Engineering of corrosion product-polymer hybrid layers for enhanced CO₂ corrosion protection of carbon steel part two: Computational investigation and surface characterisation

Carbon dioxide internal corrosion of carbon steel pipelines remains a major issue that is typically mitigated via the addition of corrosion inhibitors. In specific operational environments, a protective natural corrosion product layer known as iron carbonate (FeCO₃) can evolve on internal pipeline walls, providing comparable corrosion inhibitionefficiency to that achieved from surfactants. However, in some instances, incomplete corrosion product coverage can initiate localised corrosion. In our previous work, we demonstrated the ability of Poly (allylamine hydrochloride) (PAH) to act synergistically with FeCO₃ when the corrosion product exhibits partial coverage of ×65 carbon steel surfaces in an aqueous CO₂ corrosion environment.

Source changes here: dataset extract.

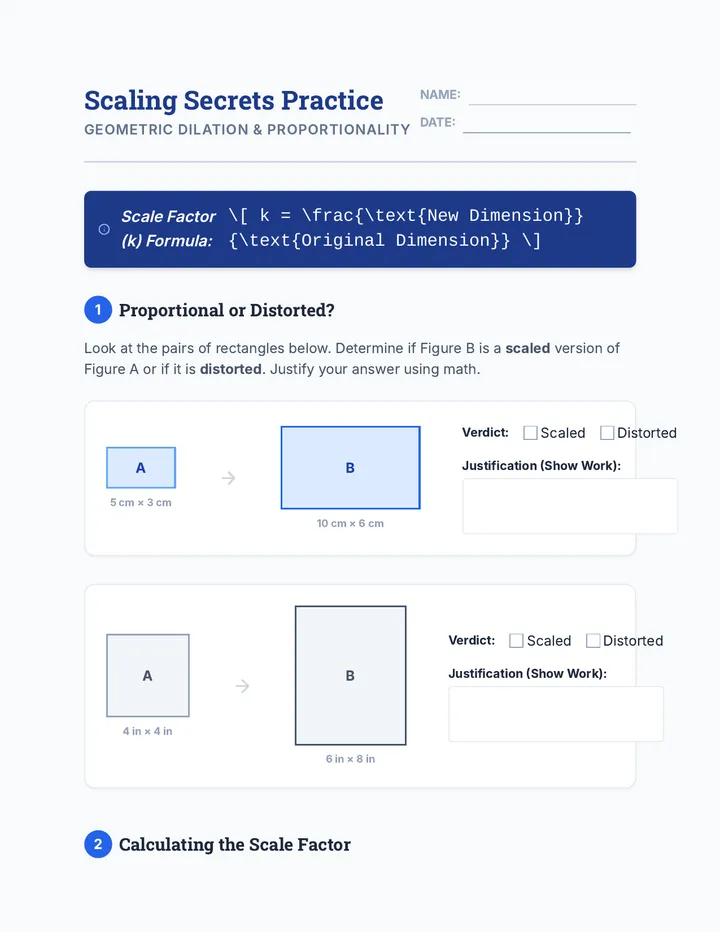 Scaling Secrets Worksheet
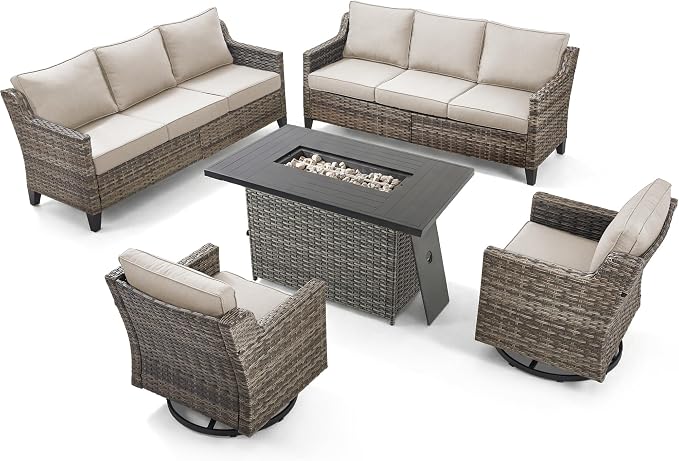5 Pieces Patio Furniture Set with 42.5" Fire Pit Table-All Weather Wicker Outdoor Furniture with High Back Wicker Patio Chairs Set of 2 Outdoor Couch for Deck Backyard Gray/Beige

In this work, we employ density functional theory (DFT) to show that PAH is able to coordinate with both FeCO₃ and the bare carbon steel surface, producing a FeCO₃-PAH hybrid structure. The surface and chemical properties of a naturally formed FeCO₃ and the FeCO₃-PAH hybrid layers are characterised employing scanning electron microscopy (SEM) coupled with focused ionic beam (FIB), Fourier-transform infrared spectroscopy (FTIR), X-ray diffraction spectroscopy (XRD) and X-ray photoelectron spectroscopy (XPS).